**Directions for this task**
Restate the records word for word. Include no pictures.

**Source data**
┄┄┄┄┄┄┄┄┄┄
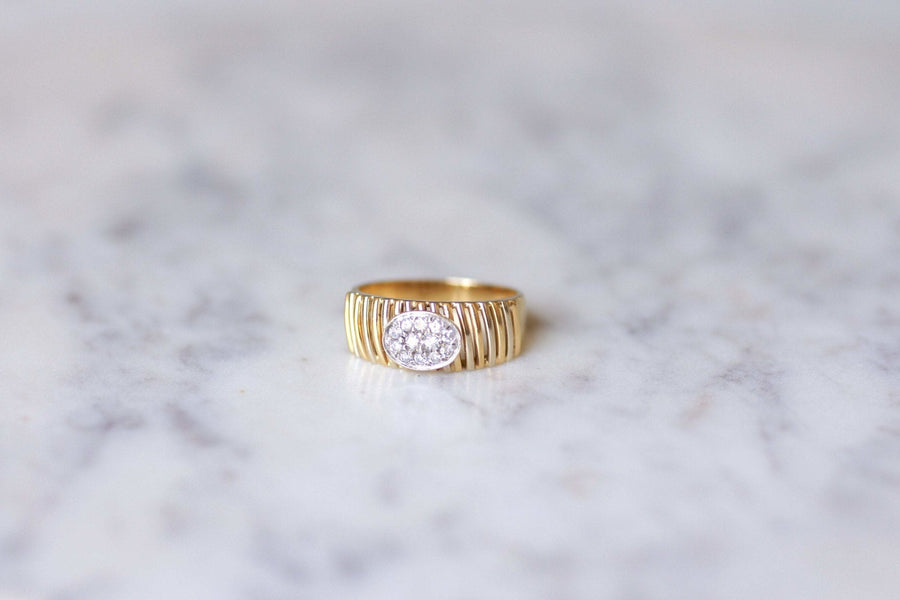 Two gold diamond ring - Penelope Gallery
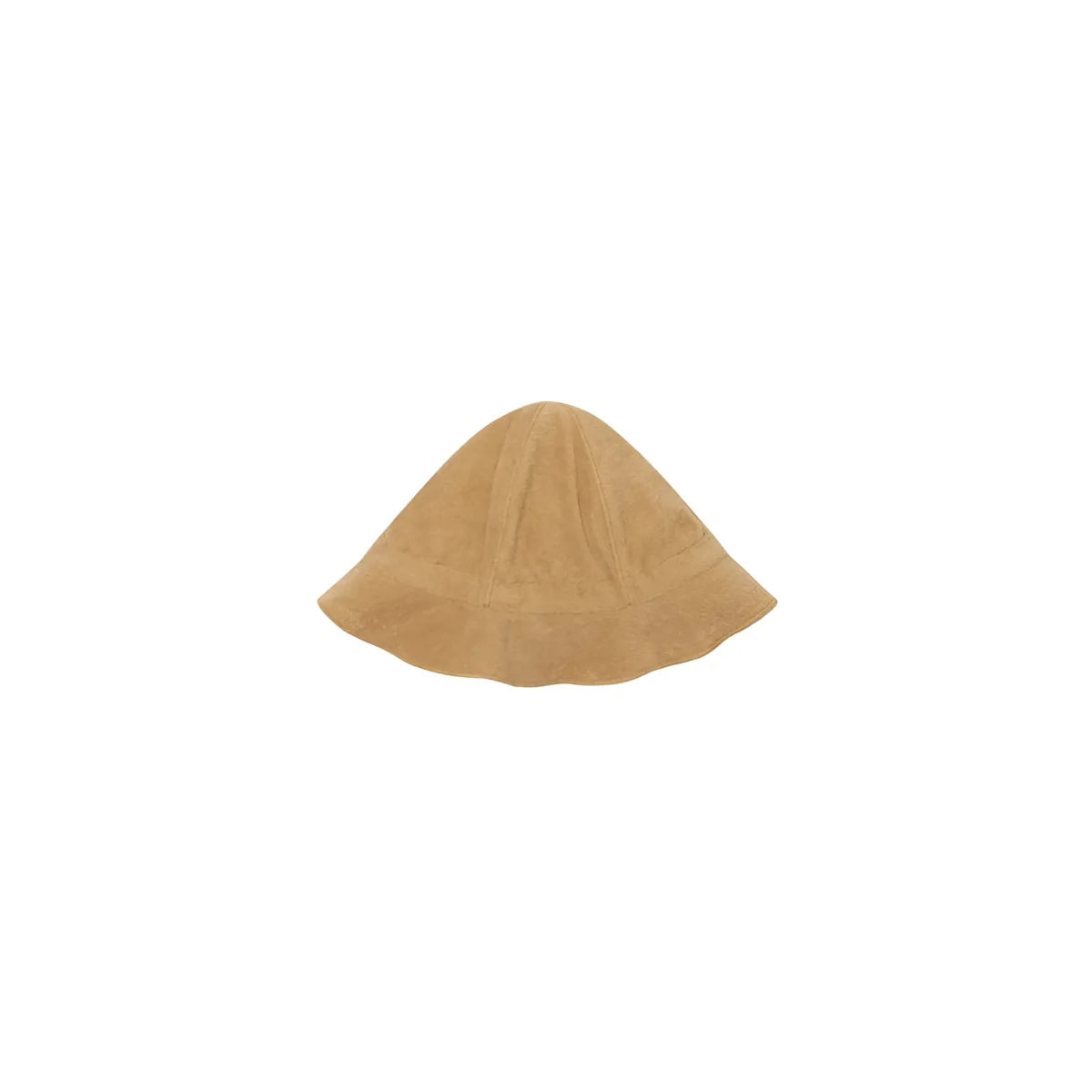 Sun Hat Wheat Terry: beiger Cord-Bucket-Hut mit geflatterter Krempe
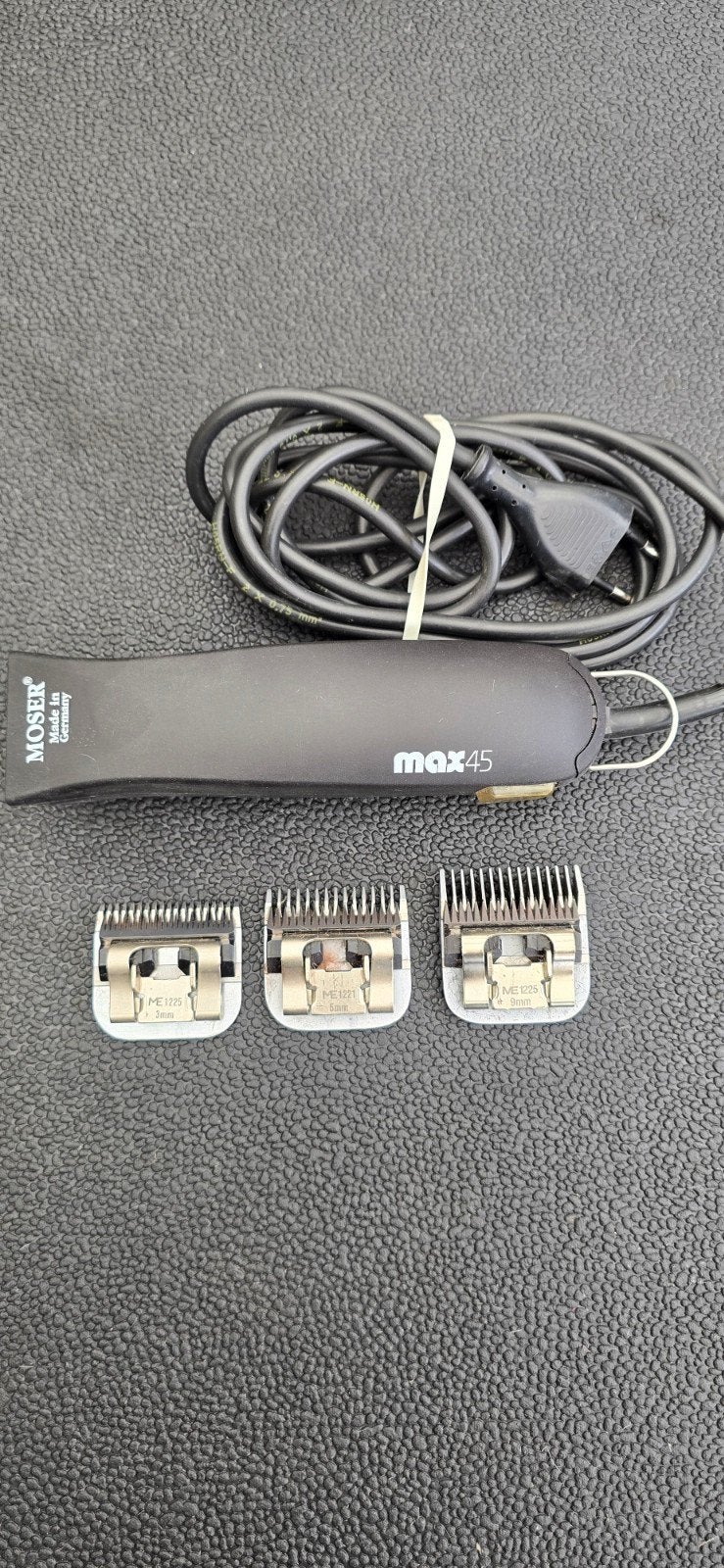 Moser Max 45, Ophalen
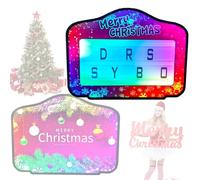 Insegna Al Neon Merry Christmas Senza Fili Con Testo A Doppia Fila E Due Batterie Rimovibili, Per Un'Autonomia Prolungata Di 3-4 Ore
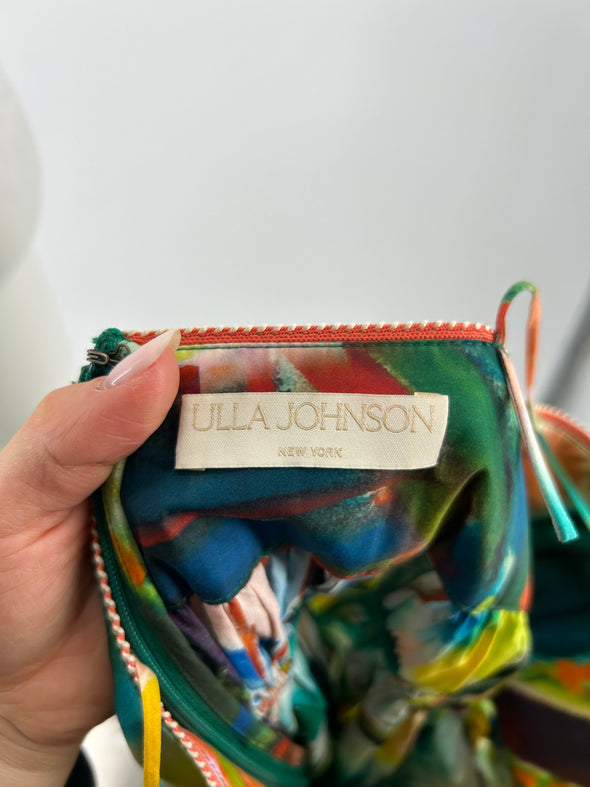 Robe à imprimé multicolore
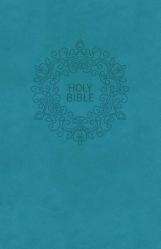  NKJV, Value Thinline Bible, Large Print, Imitation Leather, Blue, Red Letter Edition 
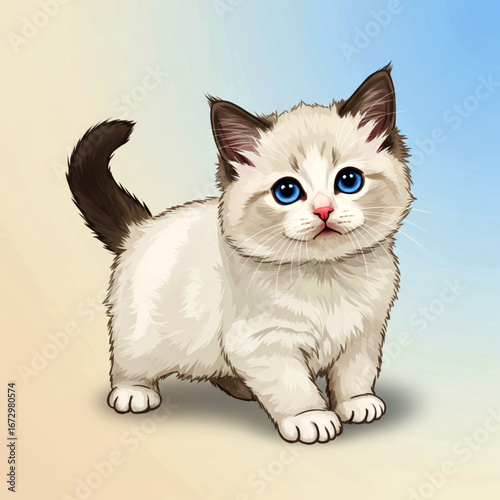 A delightful cat vector that highlights the fun, joyful, and curious personality of one of the world’s most beloved animals.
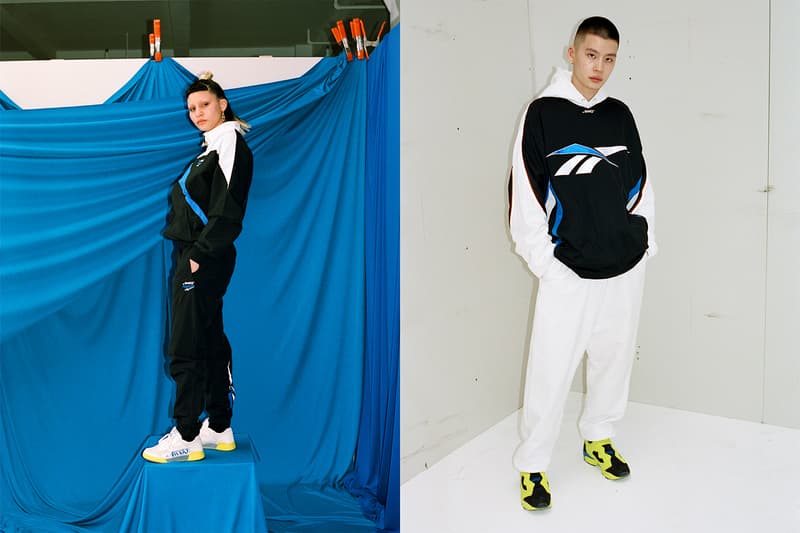 reebok awake ny collaboration workout lo plus instapump fury sneakers white neon yellow blue black footwear shoes sneakerhead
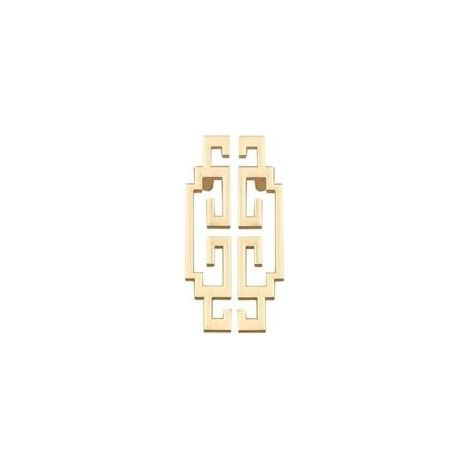 Ede CSPARKV Lot de 2 poignes de cuisine dores, entraxe de 64 mm, poignes de meubles dores brillantes pour armoire, commode, salle de bain, cuisine, chambre, tiroir (vis incluses)
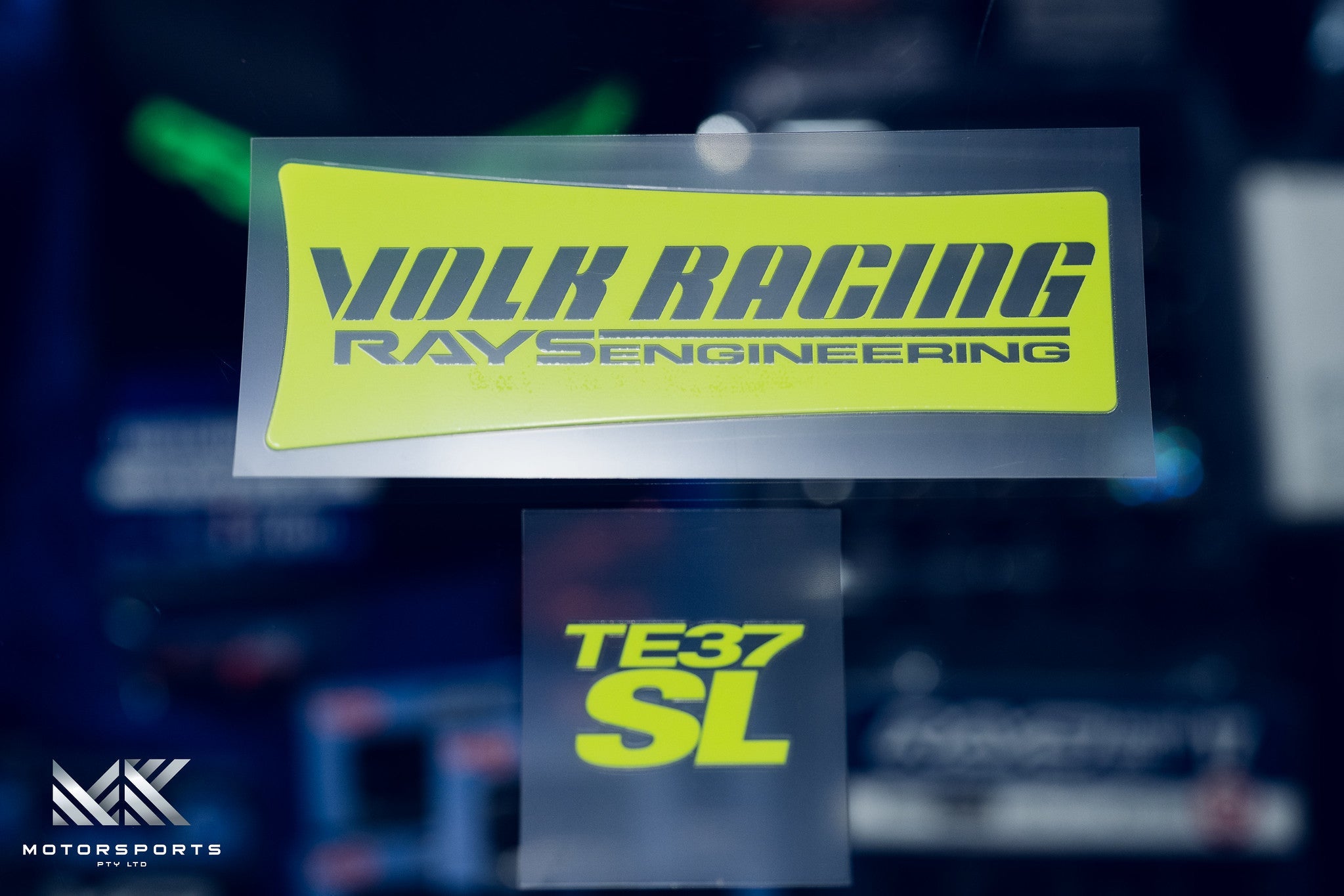 Volk Racing TE37SL Black Edition II Stickers - Stickers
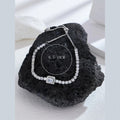 Buy Beaded Bracelet Cubic Zirconia Elegant Wrist Accessory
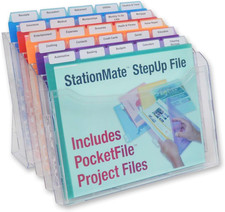 Stationmate Desktop Organizer (Includes 25, 5Th-Cut Pocketfiles). Complete Proje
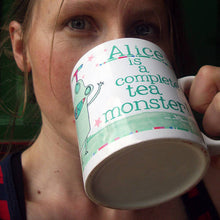 Load image into Gallery viewer, Personalised tea monster mug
┄┄┄┄┄┄┄┄┄┄
**Output below**
 Two gold diamond ring - Penelope Gallery
 Sun Hat Wheat Terry: beiger Cord-Bucket-Hut mit geflatterter Krempe
 Moser Max 45, Ophalen
 Insegna Al Neon Merry Christmas Senza Fili Con Testo A Doppia Fila E Due Batterie Rimovibili, Per Un'Autonomia Prolungata Di 3-4 Ore
 Robe à imprimé multicolore
  NKJV, Value Thinline Bible, Large Print, Imitation Leather, Blue, Red Letter Edition 
 A delightful cat vector that highlights the fun, joyful, and curious personality of one of the world’s most beloved animals.
 reebok awake ny collaboration workout lo plus instapump fury sneakers white neon yellow blue black footwear shoes sneakerhead
 Ede CSPARKV Lot de 2 poignes de cuisine dores, entraxe de 64 mm, poignes de meubles dores brillantes pour armoire, commode, salle de bain, cuisine, chambre, tiroir (vis incluses)
 Volk Racing TE37SL Black Edition II Stickers - Stickers
 Buy Beaded Bracelet Cubic Zirconia Elegant Wrist Accessory
 Stationmate Desktop Organizer (Includes 25, 5Th-Cut Pocketfiles). Complete Proje
 Load image into Gallery viewer, Personalised tea monster mug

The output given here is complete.